Updated to refer to rev2

The main controller onboard is a Freescale Kinetis K20 ARM Cortex-M4 microcontroller. It has a 72MHz DSC core (running at 48MHz), a USB OTG interface with full-speed PHY, a full-duplex I2S interface to communicate with the CODEC, I2C to communicate with the headphone amplifier.

The USB interface is capable of up to 12Mb/s, which should support full-duplex 24-bit audio at 48kHz, which should require ~4.4Mb/s plus some inefficiency. That's fine but Android doesn't yet support USB audio input so processing is done onboard. An efficient mixed-precision C++ DSP library is included to perform processing similiar to that described in James Hall's Handbook of Otoacoustic Emissions.

The CODEC (ADC+DAC) must be as precise as possible on a budget. I've chosen the Asahi Kasei AK4621 which has stereo 24-bit differential input and output at 5V and up to 192kHz. Practically, the sampling rate will be 96kHz. S/(N+D) is 102dB for input and 100dB for output, which beats just about everything else I can find. The data interface is roughly I2S and is compatible with the K20 SAI.

Because of the extremely low required noise floor, the lowest self noise is desired in a microphone. As affordable microphones go, the best seems to be the Primo EM172 electret condenser microphone (ECM) with a noise floor around 14dB. Hopefully this is low enough to measure the necessary features in an averaged spectrum. Unfortunately, I haven't been able to find anything better than this.

The microphone input is scaled (roughly) to use the full-scale range of the ADC for an ~85dB SPL sine wave. The input conditioning changed substantially from rev1 to eliminate some of the discrete components and reduce power consumption and cost. It consists of a high impedance buffer followed by cascading Sallen-Key Chebyshev low-pass filters and inversion to feed the differential ADC.

A second audio input (since it's a stereo CODEC) is intended for use with the Etymotic ER-10C which does not need the gain stage. The differential input is not fully utilized in this case, as one end is tied to a virtual ground. We can also use this extra input for more advanced tests once DPOAE and some trials are in the bag.

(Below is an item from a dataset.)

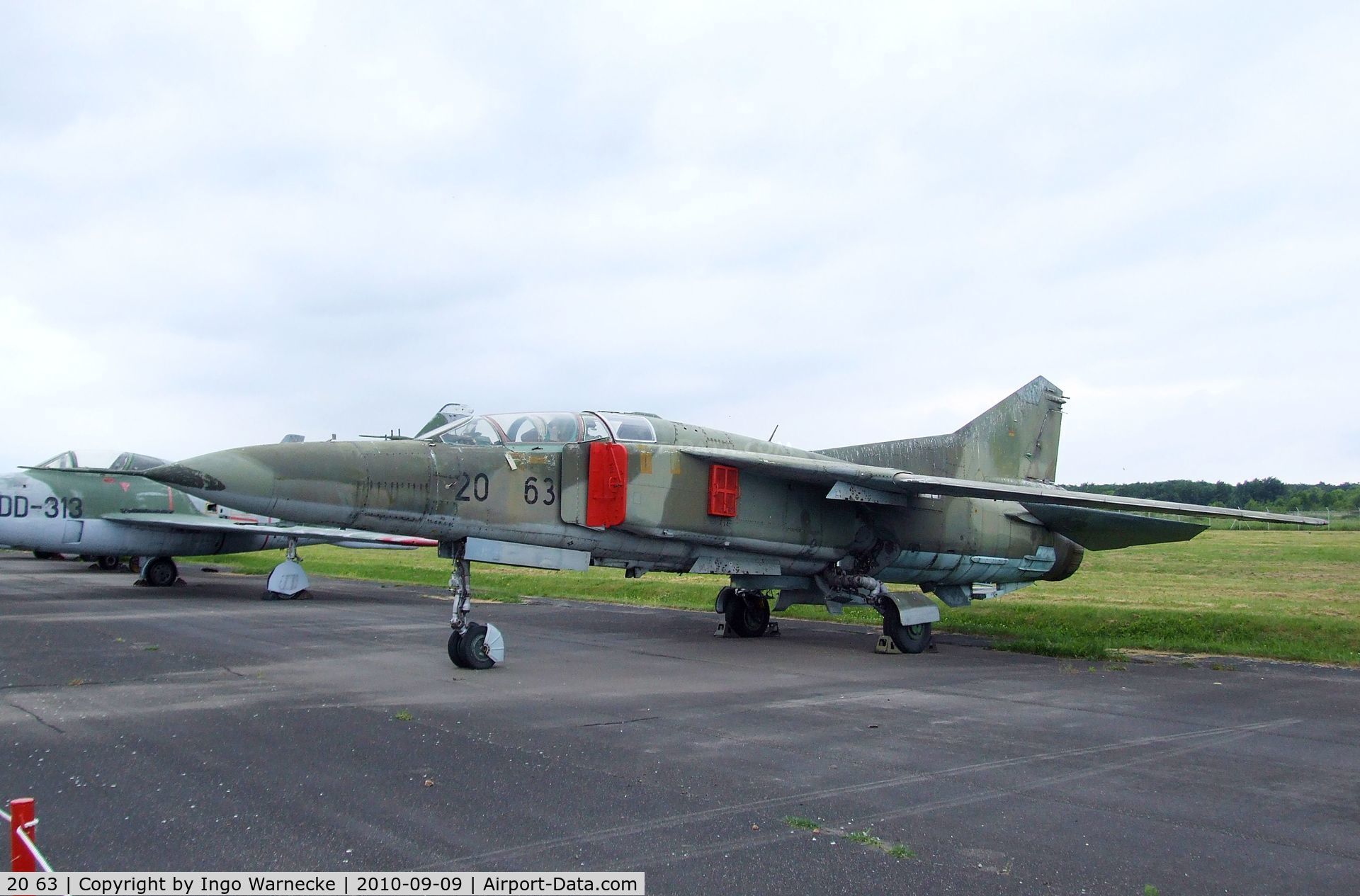 20 63, 1979 Mikoyan-Gurevich MiG-23UB C/N A1037902, Mikoyan i Gurevich MiG-23UB FLOGGER-C at the Luftwaffenmuseum, Berlin-Gatow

The output from the AK4621 is passed to the TI TPA6130A2 headphone amplifier. It has differential input and 98dB S/(N+D) and I2C volume control. It's optimized for a 32R load. This is currently a Knowles SR-series driver. Because the DAC generates lots of high-frequency nonsense that seems to upsed the amplifier, 2nd-order Sallen-Key filters had to be added to the differential signals.

Power became a bigger thing after realizing USB power is worse than expected (but that we really want to use it) in rev1. This is now dealt with by using a multi-level supply, boosting the USB input to ~6.5V before using a high-PSRR LDO to get a clean 5V. Digital stuff still runs off the USB supply and we get the ability to completely shut down power-hungry amplifiers and the CODEC when not in use.

The design so far consists of a PCB for the above electronics. The design (as of rev2b) is designed around OSH Park's 6/6 2-layer process, though it is also compatible with many other cheap services.